## Problem details:
From the entries that follow, report every line in which "Large" occurs.

####################

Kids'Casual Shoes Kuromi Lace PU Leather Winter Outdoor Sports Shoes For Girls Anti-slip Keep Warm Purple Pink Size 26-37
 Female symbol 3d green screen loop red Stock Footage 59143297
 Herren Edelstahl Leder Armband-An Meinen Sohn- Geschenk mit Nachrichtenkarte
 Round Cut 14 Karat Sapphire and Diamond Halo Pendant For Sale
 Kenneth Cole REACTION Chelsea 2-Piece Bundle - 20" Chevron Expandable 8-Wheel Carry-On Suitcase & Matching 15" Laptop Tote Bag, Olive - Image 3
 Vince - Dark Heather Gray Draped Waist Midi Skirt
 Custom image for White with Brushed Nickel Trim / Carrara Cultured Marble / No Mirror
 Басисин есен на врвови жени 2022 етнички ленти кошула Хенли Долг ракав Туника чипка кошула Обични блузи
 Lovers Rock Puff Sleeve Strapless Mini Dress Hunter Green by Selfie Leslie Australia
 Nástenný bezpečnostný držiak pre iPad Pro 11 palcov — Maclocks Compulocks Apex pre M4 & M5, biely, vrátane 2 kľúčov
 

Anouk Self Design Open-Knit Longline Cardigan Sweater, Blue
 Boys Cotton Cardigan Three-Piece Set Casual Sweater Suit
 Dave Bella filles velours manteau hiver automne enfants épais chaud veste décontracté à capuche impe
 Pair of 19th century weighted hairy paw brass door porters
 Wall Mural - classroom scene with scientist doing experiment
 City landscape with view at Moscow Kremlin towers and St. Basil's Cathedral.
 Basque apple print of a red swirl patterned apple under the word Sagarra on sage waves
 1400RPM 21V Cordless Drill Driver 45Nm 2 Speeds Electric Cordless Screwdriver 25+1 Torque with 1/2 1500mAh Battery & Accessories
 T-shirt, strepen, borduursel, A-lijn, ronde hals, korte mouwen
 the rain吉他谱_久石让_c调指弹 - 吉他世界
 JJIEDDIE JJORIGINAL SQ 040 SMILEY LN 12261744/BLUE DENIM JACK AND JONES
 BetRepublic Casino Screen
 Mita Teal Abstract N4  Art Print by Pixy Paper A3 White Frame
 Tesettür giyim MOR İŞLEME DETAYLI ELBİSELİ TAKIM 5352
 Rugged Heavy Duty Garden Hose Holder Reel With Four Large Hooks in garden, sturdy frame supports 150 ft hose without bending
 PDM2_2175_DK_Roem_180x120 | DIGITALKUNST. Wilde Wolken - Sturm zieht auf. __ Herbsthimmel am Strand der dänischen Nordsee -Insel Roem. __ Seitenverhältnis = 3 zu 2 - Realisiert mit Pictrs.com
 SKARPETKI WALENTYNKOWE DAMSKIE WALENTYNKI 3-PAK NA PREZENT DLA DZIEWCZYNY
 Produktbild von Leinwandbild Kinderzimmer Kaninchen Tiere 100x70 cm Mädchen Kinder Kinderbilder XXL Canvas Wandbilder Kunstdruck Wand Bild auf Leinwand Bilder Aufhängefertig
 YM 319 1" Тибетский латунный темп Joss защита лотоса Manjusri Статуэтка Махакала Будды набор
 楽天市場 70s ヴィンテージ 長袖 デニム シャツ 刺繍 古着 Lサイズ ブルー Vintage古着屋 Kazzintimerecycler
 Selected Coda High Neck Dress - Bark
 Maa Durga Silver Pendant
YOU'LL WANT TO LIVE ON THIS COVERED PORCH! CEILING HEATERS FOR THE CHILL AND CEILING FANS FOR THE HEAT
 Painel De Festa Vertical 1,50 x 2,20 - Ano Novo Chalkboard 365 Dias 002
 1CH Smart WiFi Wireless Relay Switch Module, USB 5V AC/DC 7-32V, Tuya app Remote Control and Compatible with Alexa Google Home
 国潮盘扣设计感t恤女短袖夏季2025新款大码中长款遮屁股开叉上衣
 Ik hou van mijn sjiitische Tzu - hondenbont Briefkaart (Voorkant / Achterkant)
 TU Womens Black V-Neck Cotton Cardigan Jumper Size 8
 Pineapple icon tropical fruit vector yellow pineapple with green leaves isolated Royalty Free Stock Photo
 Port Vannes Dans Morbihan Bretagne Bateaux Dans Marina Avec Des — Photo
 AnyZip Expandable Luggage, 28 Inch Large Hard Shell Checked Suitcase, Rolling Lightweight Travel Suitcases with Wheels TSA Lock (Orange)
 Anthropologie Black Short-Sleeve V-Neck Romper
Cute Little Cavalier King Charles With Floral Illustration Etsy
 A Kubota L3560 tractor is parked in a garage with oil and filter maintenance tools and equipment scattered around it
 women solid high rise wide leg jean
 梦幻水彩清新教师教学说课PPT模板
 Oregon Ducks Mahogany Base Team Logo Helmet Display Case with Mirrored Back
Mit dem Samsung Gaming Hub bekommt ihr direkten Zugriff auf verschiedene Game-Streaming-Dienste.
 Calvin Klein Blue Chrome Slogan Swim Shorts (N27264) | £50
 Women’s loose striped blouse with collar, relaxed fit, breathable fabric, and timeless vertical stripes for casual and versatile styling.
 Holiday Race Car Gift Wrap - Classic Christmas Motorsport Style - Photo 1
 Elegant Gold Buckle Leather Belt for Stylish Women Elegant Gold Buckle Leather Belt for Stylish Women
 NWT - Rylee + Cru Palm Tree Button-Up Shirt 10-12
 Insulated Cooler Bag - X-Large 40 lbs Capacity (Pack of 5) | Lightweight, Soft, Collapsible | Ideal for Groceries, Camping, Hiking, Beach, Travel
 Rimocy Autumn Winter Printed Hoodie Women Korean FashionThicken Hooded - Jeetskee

####################

## Response below:
 Rugged Heavy Duty Garden Hose Holder Reel With Four Large Hooks in garden, sturdy frame supports 150 ft hose without bending
 AnyZip Expandable Luggage, 28 Inch Large Hard Shell Checked Suitcase, Rolling Lightweight Travel Suitcases with Wheels TSA Lock (Orange)
 Insulated Cooler Bag - X-Large 40 lbs Capacity (Pack of 5) | Lightweight, Soft, Collapsible | Ideal for Groceries, Camping, Hiking, Beach, Travel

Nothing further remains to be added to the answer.